A sermon preached at Calvary Presbyterian Church in San Francisco, CA
April 19, 2026
Introduction to Worship
Good morning. I am Rev. Marci Glass, pastor and head of staff here at Calvary. Thank you for joining us for worship this day.
At Calvary, we seek to be a place of connection in the midst a fractured world by cultivating a spiritual home for the community, where people can find belonging, and then reach out to serve our community. At whatever level you are seeking connection, we hope you feel at home here.
Whether you’re here for the first time or are here each week, we believe it is God who has brought us together today into this time of worship. and so we pray you will find what your soul needs this day.
Today in worship we’ll hear a story about how a community makes space for someone to change their story. And I think it is hard enough to change your own story, but it is even harder to be community for people whose story is changing.
Because once we judge someone, it is difficult to change our mind about our judgment. It becomes our truth.
A little over 10 years ago, there was a program in Idaho, where I was pastoring, to offer free lunch to children, so they wouldn’t go hungry. I thought that was a great idea. A number of people did not. I confess I was not charitably inclined toward people who thought their tax cuts were more important than children being fed.
I said as much in a blogpost and someone accused me of taking their words out of context. He said he was in favor of kids being fed, but since most kids weren’t hungry, this was a waste of taxpayer money.
Anyway, I responded to his comment by offering to buy him lunch, so that he could learn free lunch isn’t all bad. He said my comment made him laugh and he agreed to meet me for lunch.

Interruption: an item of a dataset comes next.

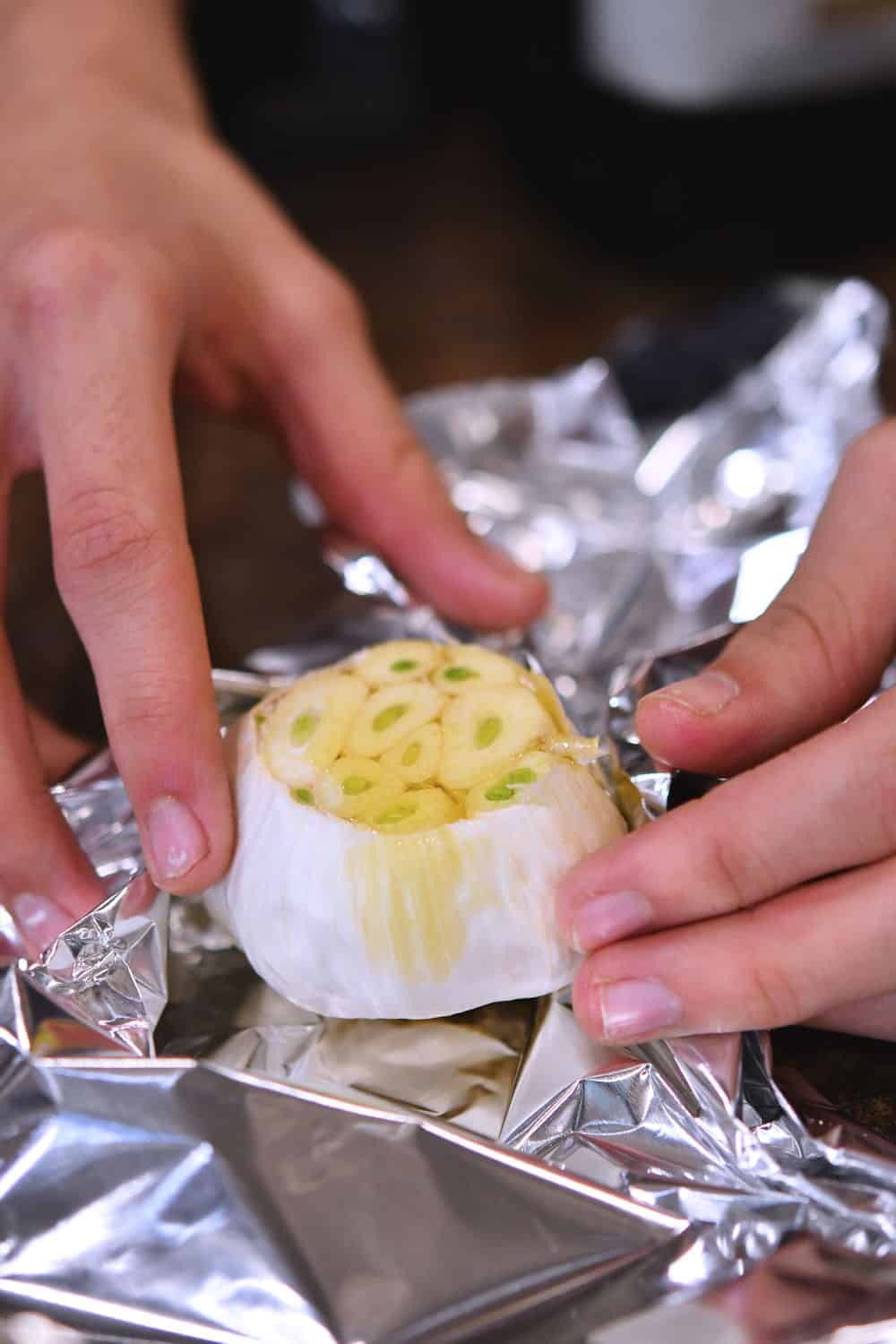 wrapping a head of garlic in foil to prepare it for roasting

I did not want to like him. I also wasn’t under any impression I was going to change his mind with my brilliant rhetoric. But I decided I could be curious rather than judgmental. What happened in his life that made him believe what he believed?
I knew what made me believe what I believed. I had been a recipient of a reduced price lunch program when I was a kid, after my dad had gone blind and lost his job. And I knew that my free lunch hadn’t made me a moocher, always dependent on the government to provide for me. It fed me so that my brain could learn, and I could be a productive member of society. (Most days, at least. I try).

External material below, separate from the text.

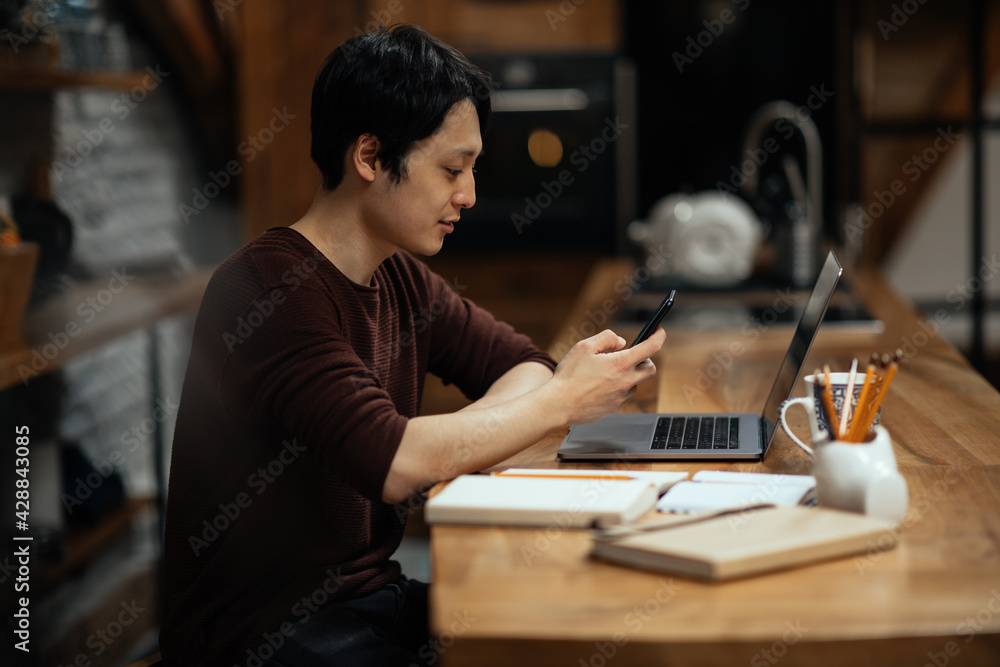 Fototapeta premium Asian man using smartphone while working at home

We had lunch. We didn’t change each other’s minds, but I learned some things. I liked him. He was a nice guy. I came to understand that he believed in helping individual people in crisis. He and his wife volunteered with their church in more service programs than I did on a regular basis. They fed and cared for a lot of individual people.
In addition to helping individual people, I came to realize that I also value using the systems we have to help larger categories of people. I am fine with the government helping to feed people as I am also working to change policy so that fewer people will be hungry in the first place.

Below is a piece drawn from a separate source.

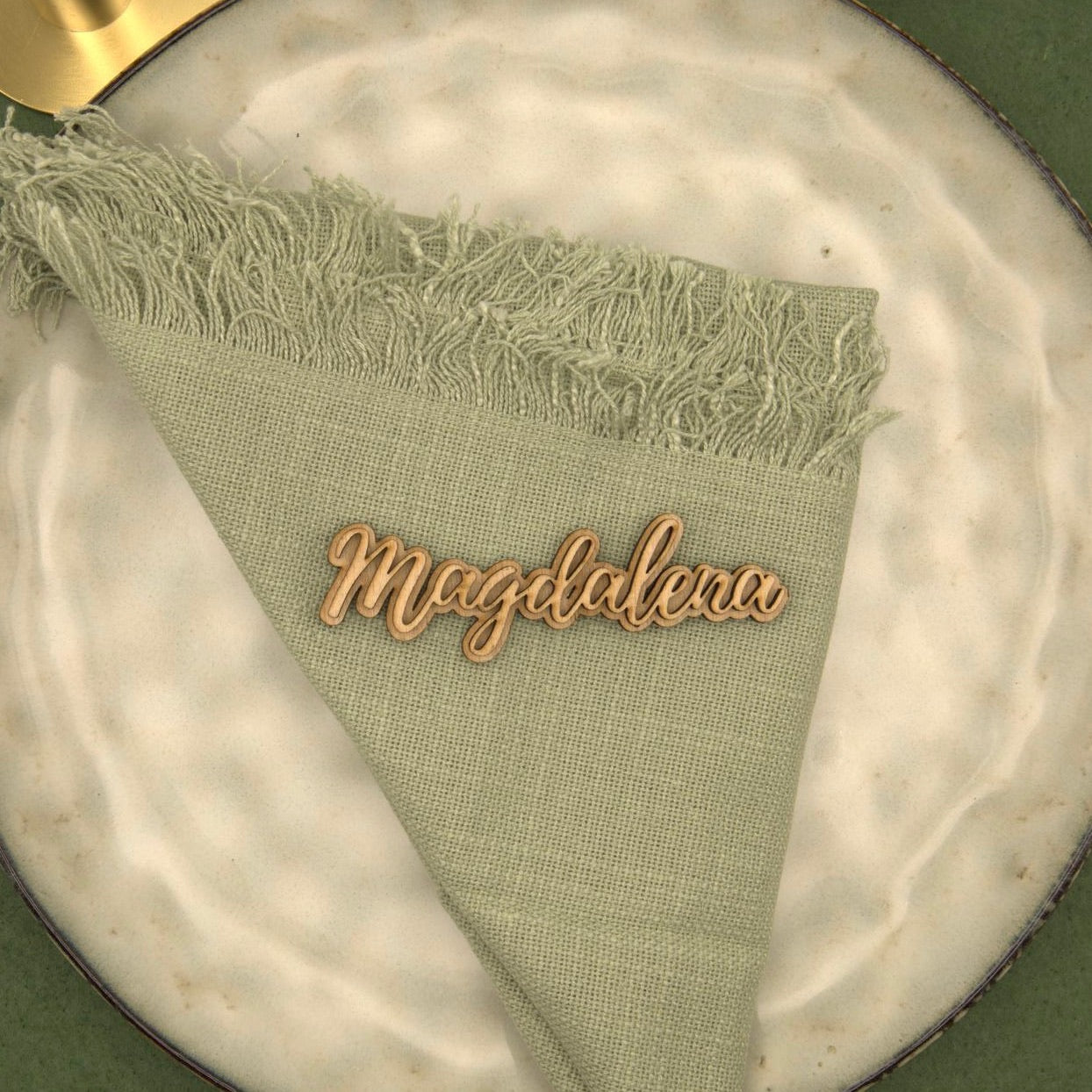 Personalisierter Magnet mit Namen "Magdalena" auf einem Teller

He and I were not that far apart in caring for people even if it showed up in very different ways.
When have you changed your mind about someone? Or when did someone change their mind about you?
God is always inviting us into relationship, with God and with each other and with the other. And, if we are honest, we know there are people we do not want to be included in that invitation.
Yet, we will never meet anyone, or read about anyone in the news, that God did not create in love with hope for redemption and flourishing. Every single person out there was made in the image of God.
Who might God be wanting to bring into our lives these days? May we approach that question with curious hearts, confident in the goodness of God. Let us worship this day in joy and hope.
Acts 9:1-19
Sermon
Second act stories are interesting to me. Especially when the second act seems so different from the first.
Maybe some of you are in the careers you planned to be in from the time you were young. But I thought I’d be speaking from a political lectern and not from a pulpit. Young me would also never have bet that I’d be one of the first of my friends to marry and have kids. And I also did not have San Francisco anywhere in my plans.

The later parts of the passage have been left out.